Define the language L to consist of strings that represent certain web-page addresses. For this assignment you are to design a DFA to recognize L and write a program that implements your DFA.
The Language L
To precisely specify L, first define Γ = {a, b, c, . . . , z} as the set of lower-case Roman letters, and let Σ = Γ ∪ {.}; i.e., Σ is the set consisting of all the lower-case Roman letters and the dot (or period). Define the following sets:
S1 = {www.}
S2 = ΓΓ∗, which consists of strings over Γ of positive length
S3 = {.com} ∪ {.co.jp}
Then we define the following sets of strings over Σ:
L1 = S1S2S3
L2 = S2S3
L = L1 ∪ L2
Strings in L1 are (a subset of) web addresses that have three parts, where the first part is "www.", the second part is a positive-length string of lower-case Roman letters, and the third part is ".com" or ".co.jp". (The suffix ".co.jp" is used in some web addresses in Japan.) Strings in L2 are (a subset of) web addresses that have only the last two parts. For example, the strings www.abcdef.com, www.com.com, www.co.com, www.abcdef.co.jp, www.com.co.jp, and www.co.co.jp belong to L1, and the strings abcdef.co.jp, www.co.jp, abcdef.co.jp, and www.co.jp belong to L2.
The specification of L does not include all valid web addresses since we included several restrictions to simplify the assignment. For example, only lower-case Roman letters and dots are allowed, strings in L must end with .com or .co.jp, etc.
DFA for L
First construct a DFA M = (Q, Σ, δ , q1, F ) that recognizes L. The DFA must satisfy each of the following properties:
The DFA must be defined with the above alphabet Σ. Your DFA does not have to handle symbols that are not in Σ.
The states in the DFA must be labeled q1, q2, q3, . . . , qn, where q1 is the start state and n is the number of states in the DFA. (It is also acceptable for the states to be labeled q0, q1, . . . , qn-1, with q0 the start state.)

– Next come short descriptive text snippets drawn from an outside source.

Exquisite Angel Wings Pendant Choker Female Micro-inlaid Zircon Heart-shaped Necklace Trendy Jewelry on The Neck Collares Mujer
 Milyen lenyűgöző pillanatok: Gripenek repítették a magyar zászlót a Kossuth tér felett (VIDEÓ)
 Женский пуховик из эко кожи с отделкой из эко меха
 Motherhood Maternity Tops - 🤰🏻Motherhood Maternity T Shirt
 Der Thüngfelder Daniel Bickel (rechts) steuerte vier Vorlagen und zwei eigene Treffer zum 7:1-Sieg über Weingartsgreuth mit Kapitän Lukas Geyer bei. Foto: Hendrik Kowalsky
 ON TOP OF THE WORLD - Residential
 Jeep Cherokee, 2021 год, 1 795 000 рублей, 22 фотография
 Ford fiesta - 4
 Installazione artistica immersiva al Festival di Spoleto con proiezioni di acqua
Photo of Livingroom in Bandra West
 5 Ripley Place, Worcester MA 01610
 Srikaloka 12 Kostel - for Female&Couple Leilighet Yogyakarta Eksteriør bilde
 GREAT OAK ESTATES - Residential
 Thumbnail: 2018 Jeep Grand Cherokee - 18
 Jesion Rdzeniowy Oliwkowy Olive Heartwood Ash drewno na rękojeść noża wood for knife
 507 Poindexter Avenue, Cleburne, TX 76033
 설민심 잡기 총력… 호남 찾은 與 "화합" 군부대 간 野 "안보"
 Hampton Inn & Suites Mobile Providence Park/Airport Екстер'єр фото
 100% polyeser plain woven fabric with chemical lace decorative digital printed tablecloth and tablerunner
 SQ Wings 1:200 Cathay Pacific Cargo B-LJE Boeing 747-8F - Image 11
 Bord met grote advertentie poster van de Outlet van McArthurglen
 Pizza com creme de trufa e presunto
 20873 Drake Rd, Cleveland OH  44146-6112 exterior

You will lose points if your DFA is overly complicated. To simplify your DFA drawing, omit any edges going from a state q ?∈F to a "trap state" (i.e., a non-accepting state from which the DFA can never leave). All other edges must be included in your drawing. Clearly identify which state is the trap state in the drawing of your DFA. Also, to simplify your drawing, you should define Γl = Γ - {l} for any symbol l ∈ Γ; i.e., Γl is the set of all lower-case Roman letters except for l. For example, Γw = {a, b, c, . . . , v, x, y, z}, so your DFA might include something like the following:
Thus, if the DFA is currently in state q1, then it moves to q2 on reading w, and it moves to state q3 on reading any other lower-case Roman letter.
Program Specifications
You must write your program in either C, C++, or Java. All input/output must be through standard input/output, and your program is to work as follows:
1. Your program asks the user if s/he wants to enter a string. The user then enters "y" for "yes", or "n" for "no".
If the user enters "n", then the program terminates.
If the user enters "y", then the user is prompted to enter a string over Σ.
2. If the user chooses to input a string, your program then reads in the string. After reading in the string, your program prints it. Then your program processes the entire string on the DFA, one character at a time, in the following manner.
Your program must begin in the start state of the DFA and print out the name of that state (q1 or q0).
After each character from the string is processed on the DFA, your program must print out the character and the name of the current state of the DFA. Even if your DFA is in a trap state, your program must do this for each character in the string until it reaches the end of the string.
To simplify your program, you should check the ASCII code of each character of the string and process on the DFA accordingly.
3. After processing the entire string on the DFA, your program must indicate if the string is accepted or rejected based on the state in which the DFA ended. Your program then should return to step 1.